Four years later, Guatemalan peace promises still unfulfilled

                  GUATEMALA CITY, Guatemala (AP) -- Four years ago Friday, a sweeping
                  peace deal brought one of the world's longest, bloodiest civil wars to a close
                  with promises to solve the economic and social problems that led to the fighting.

                  Signed here in front of 1,200 foreign dignitaries, the agreement ended 36 years
                  of fighting between hard-line state forces and leftist, mostly Indian guerrilla
                  groups in Guatemala. The once-seemingly fragile peace has held since then, and
                  there has been no recurrence of the brutality that left some 200,000 people, the
                  majority Mayan peasants, dead during the war.

                  However, 119 of 250 measures aimed at undoing centuries of repression and
                  ease the country's staggering poverty have yet to be enacted.

                  Promised, but still unseen, are land reform and agricultural subsidies, new
                  election laws, the overhaul of Guatemala's justice system and laws guaranteeing
                  the protection of human rights.
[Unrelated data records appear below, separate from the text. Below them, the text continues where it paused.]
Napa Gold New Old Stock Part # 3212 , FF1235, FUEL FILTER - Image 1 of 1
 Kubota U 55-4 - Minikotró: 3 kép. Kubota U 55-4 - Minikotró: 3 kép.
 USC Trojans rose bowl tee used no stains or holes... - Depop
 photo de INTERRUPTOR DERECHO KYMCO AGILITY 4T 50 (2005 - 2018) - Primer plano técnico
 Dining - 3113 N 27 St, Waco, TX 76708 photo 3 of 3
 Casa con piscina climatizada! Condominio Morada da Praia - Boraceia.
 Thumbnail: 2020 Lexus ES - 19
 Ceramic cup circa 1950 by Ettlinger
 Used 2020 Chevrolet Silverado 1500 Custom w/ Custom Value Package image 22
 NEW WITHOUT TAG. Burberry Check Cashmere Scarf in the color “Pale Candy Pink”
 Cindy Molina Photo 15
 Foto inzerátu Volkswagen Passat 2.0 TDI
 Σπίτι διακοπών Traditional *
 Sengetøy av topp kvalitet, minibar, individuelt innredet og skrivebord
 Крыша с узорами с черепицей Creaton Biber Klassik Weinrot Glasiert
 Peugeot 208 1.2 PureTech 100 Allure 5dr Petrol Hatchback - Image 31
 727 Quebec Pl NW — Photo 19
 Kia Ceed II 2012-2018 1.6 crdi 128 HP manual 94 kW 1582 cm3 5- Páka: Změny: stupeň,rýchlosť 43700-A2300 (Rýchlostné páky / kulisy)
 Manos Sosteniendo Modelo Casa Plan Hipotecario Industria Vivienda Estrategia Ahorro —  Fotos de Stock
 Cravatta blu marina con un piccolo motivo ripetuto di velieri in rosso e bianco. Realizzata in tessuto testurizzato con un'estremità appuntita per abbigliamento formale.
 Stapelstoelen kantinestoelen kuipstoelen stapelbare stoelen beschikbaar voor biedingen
Other unrealized goals include resettlement of the
                  100,000 refugees who fled to Mexico to escape the war, legal recognition of
                  Indian rights, a full disarming of former combatants and clear legal limits on the
                  powerful military.

                  The peace treaty set the end of this year as the deadline for implementation of the
                  reforms, but on Dec. 13 President Alfonso Portillo unveiled a new schedule
                  extending the deadline until the end of 2004. The new plan moves
                  anti-discrimination measures, women's rights, health care and education reforms
                  to the top of the agenda.

                  On Friday, Portillo was scheduled to mark the peace accord's fourth birthday by
                  laying a rose in front of a downtown peace monument and then having lunch
                  with hundreds of children who "have been allowed to grow up in a peaceful

                  "We have learned that peace has a cost but also a benefit," Portillo said at a news
                  conference trumpeting the new peace schedule. "We will now realize more of
                  those benefits."

                  Critics, though, charge that four years of inaction show the government has no
                  interest in keeping its promises.

                  "A rescheduling was inevitable because there was no way we could meet the
                  December 31 deadline," said Arnoldo Noriega, an ex-guerrilla commander who
                  was a member of the original commission overseeing the peace accords. "Even
                  after this convenient extension, we will have to see a major shift in political will
                  during the next two years or we will lose forever the chance to meet goals vitally
                  important to Guatemala."

                  Some blame the Congress, headed since January by former dictator Efrain Rios
                  Montt and controlled by the conservative party he founded. During an 18-month
                  dictatorship between 1982 and 1983, Rios Montt oversaw one of the bloodiest
                  stretches of the war, orchestrating a scorched-earth campaign against the rebels.

                  "The problem is that the same actors trying to resolve the peace process' errors
                  are the ones who committed them," said Hector Rosada, a former peace
                  secretary. "The last word on important questions lies with Efrain Rios Montt, a
                  man who does not believe in the peace accords."

                  Rios Montt attended last week's press conference announcing the new
                  peace-process schedule but left without commenting.

                  In a 1998 report, the Catholic church's human rights office in Guatemala blamed
                  the army for 95 percent of the killings and disappearances during the long civil
                  war. And last week, the office said it will press local courts to try Rios Montt for
                  allegedly ordering massacres in the 1980s. That marked the first time
                  Guatemalan courts have been asked to try him.